Internet Trading and costs associated with trading in secondary market
Changes in technology have brought about significant change in the way investors used to invest in securities market. Today internet trading has made great inroads and completely changed the traditional brick and mortar model of stock trading. Internet trading has gained popularity amongst all classes of investors be it big or retail. The ease and convenience of placing your buy and sell orders for execution and getting an online confirmation without having to move out of your home or office is simply great.
Let us have a look as to how to begin in the field. First of all, you need to open a broking account with a broker providing internet trading facility. Today many brokers provide trading facility through internet. All these brokers are also depository participants (DP) and have a tie up with banks so that your three accounts viz broking, DP and bank are all interlinked. When you put a buy order, there is a seamless fund transfer from your bank account to the broker account and in case of execution of your sell order, shares move from your DP to the broker online. You also get a direct credit of money to your bank account in case of sell transaction and credit of shares in your DP account in case of buy transaction without having to worry about paper work and other inconvenience. The ease of doing it all through click of a mouse is simply too great to ignore.

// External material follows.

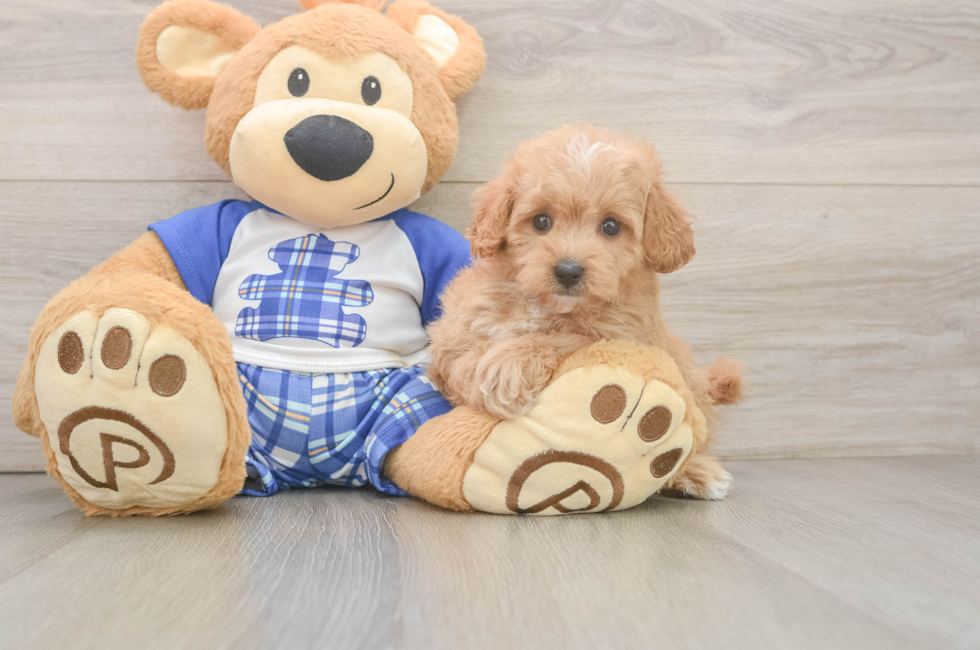 6 week old Maltipoo Puppy For Sale - Pilesgrove Pups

Costs associated with secondary market trading
There are different costs associated with trading in the secondary securities market. You must take them into account and compare across different brokers and their services. For example some brokers only provide broking services without any add on such as research or recommendations. Generally the brokerage charged by a full service broker is more than that charged by others. You may also need to pay DP charges, every time your make a transaction. There will be annual maintenance charges also known as holding charges for holding shares in your account by the DP. It makes sense to clarify all the charges with your broker and DP before start of trading. This way you will be able to make a decision about the costs payable to a particular broker or a DP.
You also need to put in margin money with your broker so as to allow you to trade. Some brokers may also insist on margin money before buying on your behalf. This is because brokers have to pay different forms of margin such as Value at risk (VAR) margin, mark to market margin to the stock exchanges. These margins are imposed by stock exchanges to cover their risks and to take care of adverse market movements. Brokers in turn pass on these margins to their clients.
Things to remember while trading through internet
You need to take a few things into account if you are investing through online facility of brokers. Internet seems too simple to resist. Hence makes sure that you invest only that much as you can afford to invest. So not fall prey to media hype and easy money making claims. Invest in good companies showing good results and with professional management and good background of promoters. Internet is abode of huge information and it is up to you to use information to your advantage.